2 Plexxikon Inc., Berkeley CA 94710, USA.
1 Department of Neurology, Developmental Neurobiology, University Hospital Würzburg Josef-Schneider Str. 11, D-97080 Würzburg, Germany


See Scherer (doi:10.1093/awv279) for a scientific commentary on this article.Charcot-Marie-Tooth type 1 neuropathies are inherited disorders of the peripheral nervous system caused by mutations in Schwann cell-related genes. Typically, no causative cure is presently available. Previous preclinical data of our group highlight the low grade, secondary inflammation common to distinct Charcot-Marie-Tooth type 1 neuropathies as a disease amplifier. In the current study, we have tested one of several available clinical agents targeting macrophages through its inhibition of the colony stimulating factor 1 receptor (CSF1R). We here show that in two distinct mouse models of Charcot-Marie-Tooth type 1 neuropathies, the systemic short- and long-term inhibition of CSF1R by oral administration leads to a robust decline in nerve macrophage numbers by ∼70% and substantial reduction of the typical histopathological and functional alterations. Interestingly, in a model for the dominant X-linked form of Charcot-Marie-Tooth type 1 neuropathy, the second most common form of the inherited neuropathies, macrophage ablation favours maintenance of axonal integrity and axonal resprouting, leading to preserved muscle innervation, increased muscle action potential amplitudes and muscle strengths in the range of wild-type mice. In another model mimicking a mild, demyelination-related Charcot-Marie-Tooth type 1 neuropathy caused by reduced P0 (MPZ) gene dosage, macrophage blockade causes an improved preservation of myelin, increased muscle action potential amplitudes, improved nerve conduction velocities and ameliorated muscle strength.
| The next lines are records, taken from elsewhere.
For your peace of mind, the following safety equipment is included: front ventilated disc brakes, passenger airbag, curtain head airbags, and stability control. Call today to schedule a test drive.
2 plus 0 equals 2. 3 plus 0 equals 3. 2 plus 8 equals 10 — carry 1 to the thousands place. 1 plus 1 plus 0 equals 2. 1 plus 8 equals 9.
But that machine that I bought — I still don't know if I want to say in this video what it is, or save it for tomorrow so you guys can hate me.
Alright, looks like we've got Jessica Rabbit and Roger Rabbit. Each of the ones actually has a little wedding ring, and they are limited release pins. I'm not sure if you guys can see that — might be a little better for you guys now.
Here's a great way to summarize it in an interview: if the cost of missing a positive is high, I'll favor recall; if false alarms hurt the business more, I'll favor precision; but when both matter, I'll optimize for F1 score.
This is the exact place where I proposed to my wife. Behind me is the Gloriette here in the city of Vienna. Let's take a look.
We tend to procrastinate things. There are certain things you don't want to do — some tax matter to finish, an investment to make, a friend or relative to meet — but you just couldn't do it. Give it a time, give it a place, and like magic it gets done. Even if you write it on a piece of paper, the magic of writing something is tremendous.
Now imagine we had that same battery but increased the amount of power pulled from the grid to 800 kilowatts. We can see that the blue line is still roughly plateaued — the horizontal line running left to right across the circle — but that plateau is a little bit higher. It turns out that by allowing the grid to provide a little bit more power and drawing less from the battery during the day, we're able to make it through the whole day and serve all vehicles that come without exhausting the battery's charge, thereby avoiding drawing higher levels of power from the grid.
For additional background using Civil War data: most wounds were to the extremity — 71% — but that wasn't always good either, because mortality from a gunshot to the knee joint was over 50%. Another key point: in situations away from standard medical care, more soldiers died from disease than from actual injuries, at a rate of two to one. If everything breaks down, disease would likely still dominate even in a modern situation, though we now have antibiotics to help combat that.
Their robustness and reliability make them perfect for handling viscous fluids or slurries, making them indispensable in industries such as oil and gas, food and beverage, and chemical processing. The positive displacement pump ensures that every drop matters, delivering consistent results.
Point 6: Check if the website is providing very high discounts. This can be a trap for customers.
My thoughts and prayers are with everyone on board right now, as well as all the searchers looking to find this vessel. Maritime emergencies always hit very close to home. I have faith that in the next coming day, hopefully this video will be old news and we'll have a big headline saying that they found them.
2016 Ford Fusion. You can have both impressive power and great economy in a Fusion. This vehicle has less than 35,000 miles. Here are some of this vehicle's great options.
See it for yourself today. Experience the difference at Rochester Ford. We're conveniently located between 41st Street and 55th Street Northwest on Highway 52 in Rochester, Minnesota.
These observations suggest that disease-amplifying macrophages can produce multiple adverse effects in the affected nerves which likely funnel down to common clinical features. Surprisingly, treatment of mouse models mimicking Charcot-Marie-Tooth type 1A neuropathy also caused macrophage blockade, but did not result in neuropathic or clinical improvements, most likely due to the late start of treatment of this early onset disease model. In summary, our study shows that targeting peripheral nerve macrophages by an orally administered inhibitor of CSF1R may offer a highly efficacious and safe treatment option for at least two distinct forms of the presently non-treatable Charcot-Marie-Tooth type 1 neuropathies.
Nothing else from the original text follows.